### Task instructions
Repeat the lines of the data exactly, from the first one through the one that contains "Hino DUTRO 2022-10 8732878-19".

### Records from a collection
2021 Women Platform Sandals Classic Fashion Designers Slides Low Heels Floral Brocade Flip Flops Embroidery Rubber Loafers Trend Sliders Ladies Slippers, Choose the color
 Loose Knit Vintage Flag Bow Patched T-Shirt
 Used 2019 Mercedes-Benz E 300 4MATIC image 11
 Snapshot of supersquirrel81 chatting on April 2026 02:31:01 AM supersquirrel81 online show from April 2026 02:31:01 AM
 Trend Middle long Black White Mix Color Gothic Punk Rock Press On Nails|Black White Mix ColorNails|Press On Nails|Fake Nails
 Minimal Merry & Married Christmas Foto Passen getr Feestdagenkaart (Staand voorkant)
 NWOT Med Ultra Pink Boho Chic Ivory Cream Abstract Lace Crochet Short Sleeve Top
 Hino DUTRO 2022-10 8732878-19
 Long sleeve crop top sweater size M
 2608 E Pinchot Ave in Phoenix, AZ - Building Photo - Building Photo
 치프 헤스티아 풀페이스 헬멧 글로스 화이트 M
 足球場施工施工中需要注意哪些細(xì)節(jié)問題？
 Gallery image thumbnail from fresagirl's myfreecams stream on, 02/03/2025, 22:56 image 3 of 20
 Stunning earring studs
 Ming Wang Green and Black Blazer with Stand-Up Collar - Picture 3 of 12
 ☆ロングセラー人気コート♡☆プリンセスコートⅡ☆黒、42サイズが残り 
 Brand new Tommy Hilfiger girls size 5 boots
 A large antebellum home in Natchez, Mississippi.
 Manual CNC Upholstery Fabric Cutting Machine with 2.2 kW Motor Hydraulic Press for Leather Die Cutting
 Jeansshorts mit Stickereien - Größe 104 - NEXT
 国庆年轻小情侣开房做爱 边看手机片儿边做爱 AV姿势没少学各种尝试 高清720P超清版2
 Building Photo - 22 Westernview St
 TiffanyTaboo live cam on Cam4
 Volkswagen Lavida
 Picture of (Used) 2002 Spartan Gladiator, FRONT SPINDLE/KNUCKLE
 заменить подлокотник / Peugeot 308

### Written solution
2021 Women Platform Sandals Classic Fashion Designers Slides Low Heels Floral Brocade Flip Flops Embroidery Rubber Loafers Trend Sliders Ladies Slippers, Choose the color
 Loose Knit Vintage Flag Bow Patched T-Shirt
 Used 2019 Mercedes-Benz E 300 4MATIC image 11
 Snapshot of supersquirrel81 chatting on April 2026 02:31:01 AM supersquirrel81 online show from April 2026 02:31:01 AM
 Trend Middle long Black White Mix Color Gothic Punk Rock Press On Nails|Black White Mix ColorNails|Press On Nails|Fake Nails
 Minimal Merry & Married Christmas Foto Passen getr Feestdagenkaart (Staand voorkant)
 NWOT Med Ultra Pink Boho Chic Ivory Cream Abstract Lace Crochet Short Sleeve Top
 Hino DUTRO 2022-10 8732878-19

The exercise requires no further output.